Where’s Waldo?

Moral Formation in the "Hidden Curriculum"

A man in a red & white striped shirt with a matching bobble hat, brown hair, black glasses, blue jeans, and usually carrying a walking stick.

Any guesses at who I’m describing? 

Well if you guessed Where’s Waldo, you’d be right!  Waldo – or Wally for any UK readers – has been frustrating children and adults alike since 1987.  You know he’s always there amongst the crowd of numerous characters doing their thing.  And sometimes you find him right away but other times you start to convince yourself that he really isn’t there & that maybe the author is playing a trick on you or just forgot to draw him into this one.
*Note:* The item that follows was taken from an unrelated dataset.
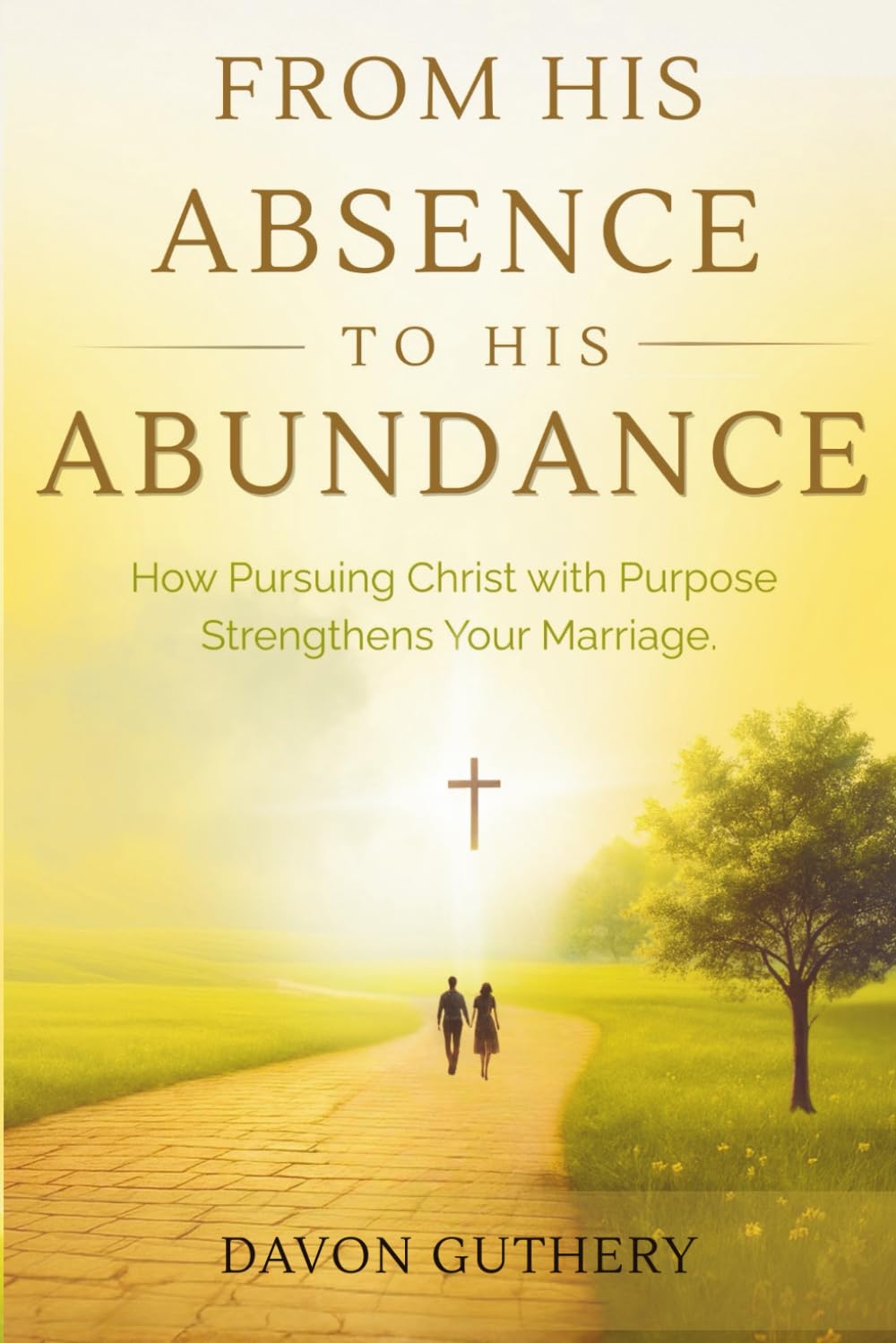 From His Absence to His Abundance: How Pursuing Christ with Purpose Strengthens Your Marriage.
But after you step away for a moment to breathe, you come back to find him plain as day staring back at you.  And in your shock you wonder, “how did I miss him before?  I literally looked at this part of the picture like twenty times!”  But you know, I think medical education has its own Waldo, namely moral formation in the “hidden curriculum” which is waiting for us to find him.  

 

Within the context of residency, medical moral formation occurs during the socialization of acquiring our professional identity.  And by medical moral formation I mean the messages we receive to be good/bad, right/wrong, appropriate/inappropriate within the context of medicine.  Frederic Hafferty and colleagues described the process as a schematic you can imagine with 3 squares side-by-side.  On the left is your existing identity prior to medical education and on the right is your professional identity as a medical student, resident, and physician.  In the middle is the socialization that your embodied self must encounter.  This process has multiple inputs including experiences, role models/mentors, the learning environment, peers, family, patients, and formal teaching that are all encountered and sometimes acquired unconsciously.  But when your existing identity is dissonant to this experience the learner will either compromise or negotiate who they are in light of these experiences.  

One thing we should notice is that formal teaching is only one of many inputs during our identity formation in medical education.  I would argue that even our experiences during formal teaching – I’m thinking especially of medical student/resident led teaching – has greater formation based on how upper-levels and attendings respond to certain topics or presenters, what questions are asked, or how someone is interrupted to make a correction, rather than the actual content of the teaching.

 

Nevertheless, how a physician discusses or responds to certain topics, how & what about we joke, and how we talk about patients away from earshot is just a short list of obvious contents of the hidden curriculum.  And as the schematic shows our individual, unique embodied selves must encounter this within the social process.  But the problem is each individual is left to analyze, compromise and negotiate aspects of their identity on their own without an accessible  standard from the institution of medical education with which to compare it.  It’s like we’re trying to find Waldo but without a complete picture of what he looks like.  Some people may find him eventually but without the picture of Waldo on the cover they would not be confident that they actually found him.  Better yet, someone else might claim a dog is Waldo because it’s wearing a red and white striped sweater with glasses and a bobble hat.  And without knowledge of who Waldo is, there would be no way to prove that the dapper dog is actually Waldo’s dog Woof and not Waldo himself.

 

We all want to be good physicians, but a consequence of divergent conceptions of a good physician is vulnerable residents slowly compromising aspects of their identity toward decisions & behaviors that are antithetical to the patient’s good.  Without an accessible standard of the good physician, the same experience could yield multiple takeaways by multiple residents.  For example, a bad physician operating out of vice could influence resident moral formation to the detriment of a vulnerable resident.  Therefore, residents need to be equipped to analyze whether encounters & experiences in residency are forming them into or malforming them away from becoming a good physician.  

The Weekly Reflection

We will discuss further what I mean by a “good physician” & a “bad physician,” but please know that I use this language cautiously but intentionally to help us reflect on 2 questions before next week:

  1. Do bad physicians exist?
  2. For those who feel uncomfortable with the language of a “bad physician” and would rather discuss someone who is “not a good physician” or who does “not practice good medicine”, reflect on what may be at the root of your discomfort.